- _AIM OF THE EXERCISE_
Find "Evergreen Inn" and "テニスの横浜慶応チャレンジャ" in the records below. Copy the lines holding them and every line between, exactly, and no others.
MATERIAL SHOWN: Begin
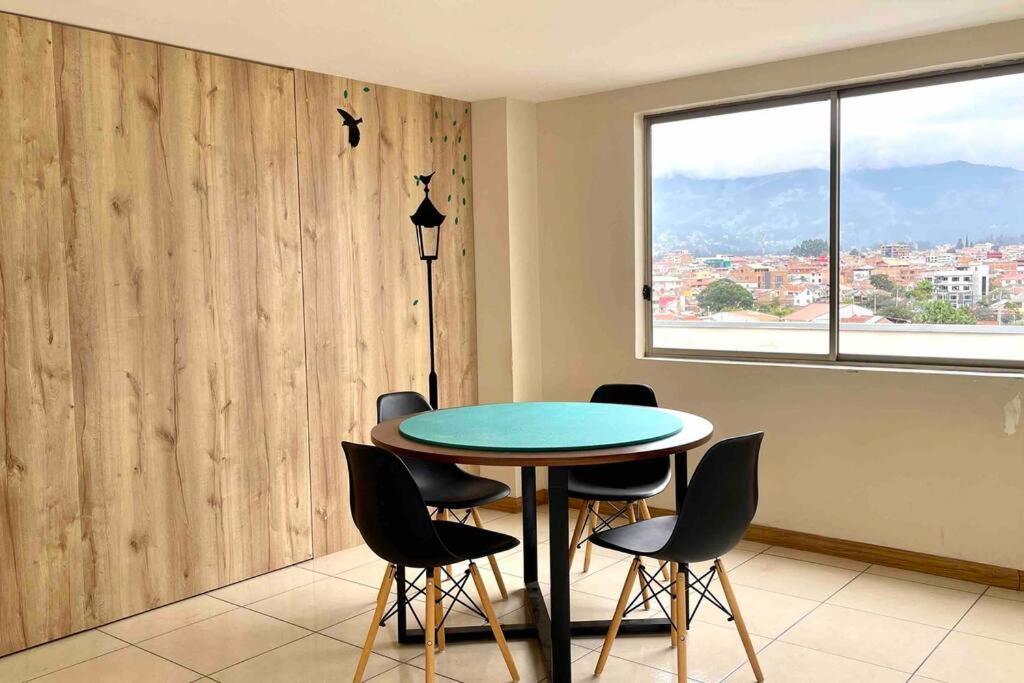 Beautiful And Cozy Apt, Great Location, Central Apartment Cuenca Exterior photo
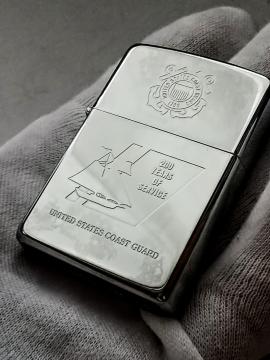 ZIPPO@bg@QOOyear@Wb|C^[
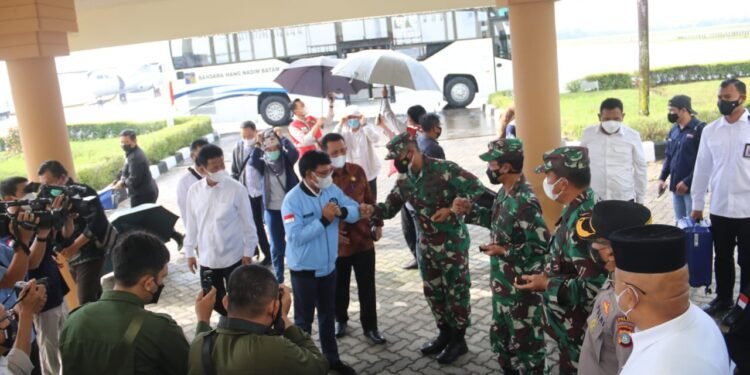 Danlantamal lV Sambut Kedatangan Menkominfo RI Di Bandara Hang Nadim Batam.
MATERIAL SHOWN: End
MATERIAL SHOWN: Begin
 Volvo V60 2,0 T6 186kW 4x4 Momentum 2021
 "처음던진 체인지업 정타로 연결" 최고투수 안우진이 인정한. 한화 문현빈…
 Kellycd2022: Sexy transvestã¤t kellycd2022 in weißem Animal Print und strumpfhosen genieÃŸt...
MATERIAL SHOWN: End
MATERIAL SHOWN: Begin
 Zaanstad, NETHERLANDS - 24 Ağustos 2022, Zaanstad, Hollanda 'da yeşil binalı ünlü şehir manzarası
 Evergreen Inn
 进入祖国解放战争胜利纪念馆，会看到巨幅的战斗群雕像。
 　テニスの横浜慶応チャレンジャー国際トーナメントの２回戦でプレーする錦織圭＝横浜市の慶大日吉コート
MATERIAL SHOWN: End
- _OUTPUT FOR THIS TASK_
 Evergreen Inn
 进入祖国解放战争胜利纪念馆，会看到巨幅的战斗群雕像。
 　テニスの横浜慶応チャレンジャー国際トーナメントの２回戦でプレーする錦織圭＝横浜市の慶大日吉コート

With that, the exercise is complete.